Ассистент Гергалафа стоял возле изголовья обезноженного. Тот сделал ему знак глазами — «Нагнитесь, мол, ко мне».

И прошептал:

— А ведь я, доктор, в жизни не выкурил ни одной папиросы.

— Молчите! Молчите! — испуганно отвечал ассистент.

Не слишком ли много и в нашей литературе этого трусливого — «Молчите! Молчите!».

* * *

Когда родители назвали меня Анатолием, это было редкое имя. Больше половины России тогда составляли Иваны. Теперь же кругом Тольки и Юрочки, а Иван самое избранное имя.

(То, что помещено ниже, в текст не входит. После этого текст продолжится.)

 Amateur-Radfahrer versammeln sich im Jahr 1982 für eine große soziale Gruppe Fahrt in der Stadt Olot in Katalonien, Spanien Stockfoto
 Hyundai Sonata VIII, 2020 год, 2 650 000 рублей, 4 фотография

Лишь отчаянный эстет и оригинал назовет Иваном своего сына.

* * *

Киевский стихоплетишка Микола Бажан, дослужившийся на Украине до какого-то министерского портфеля, выступая в Москве, в Союзе писателей, сказал:

«Среди нашей интеллигенции нашлись, к сожалению, неустойчивые люди, которые думали в панике, что необходима переоценка всех ценностей, полная смена всех. Неправильно ставился вопрос и о личности И. В. Сталина. Многие ретивые редакторы дошли до того, что имя Сталина стали вычеркивать из наших произведений. Один из московских писателей заявил, что он горд тем, что ни в одном его произведении никогда имя Сталина не было упомянуто. А ведь гордиться-то нечем. Зачеркивать все, что было сделано Сталиным доброго, зачеркивать весь тот путь, который мы прошли, веря в Сталина как воплощение наших мечтаний и идеалов, видя в Сталине воплощение партийной воли и партийного руководства, было бы недостойно честных советских людей и честных советских писателей».

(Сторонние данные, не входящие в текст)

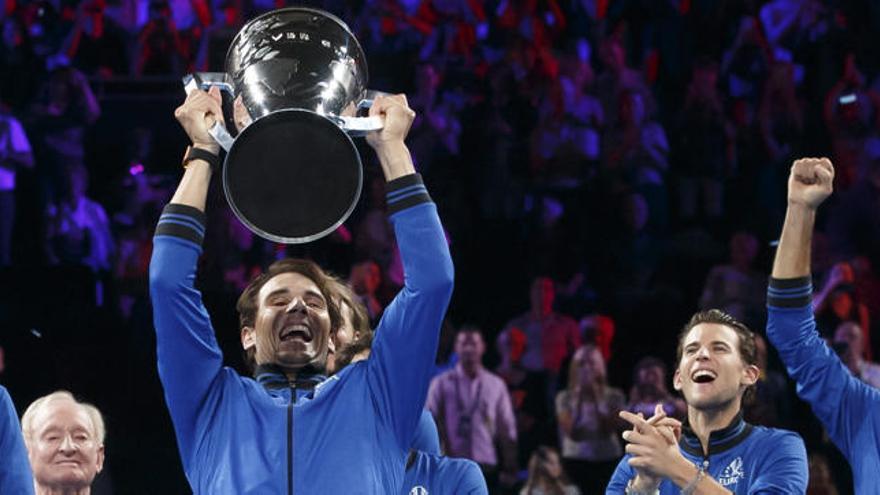 Rafa Nadal celebra junto a Federer la tercera Laver Cup para el equipo de Europa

«Веря в Сталина как воплощение наших мечтаний и идеалов».

Подлец! Подлец этот Бажан!

— А миллионы и миллионы, — спрашиваю я, — безвинных людей, замученных в застенках ГПУ пытками этим «воплощением идеалов».

Им, им! Не жалкие же его палачи в ответе! Замученных им в одиночках, в каторге, в тюрьмах, в концлагерях, в ссылках. Расстрелянных им в затылок, как Мейерхольд, Перец Маркиш, Бухарин, Тухачевский и тысячи, тысячи других. Раздавленных на пустынных дорогах или в темных переулках, как великий артист Михоэлс.

Среди расстрелянных, раздавленных, замученных пытками и все друзья по революции Владимира Ильича — его старая большевистская гвардия, верная своему лидеру до его смертного часа. Тут гордость нашего воинства — полководцы, разбившие Деникина, Колчака, Юденича, Врангеля. Тут цвет искусства, науки и техники. Тут ум и мускулы деревни.

Бессмысленно, совершенно бессмысленно разбитые жизни, искалеченные, оклеветанные, обесчещенные, пущенные «в расход» наши лучшие люди.

«Мокрое» сталинское дело! Самое страшное «мокрое дело» за всю историю человечества.

Ну и подлец же, подлец этот Бажан. Этот Миколушка!…

«Есть много огромного, но огромней всего человек», — говорил Сократ.

Посмеемся же, друзья мои. Горестно посмеемся. Ведь и Бажан как будто тоже человек, он даже стишки пишет.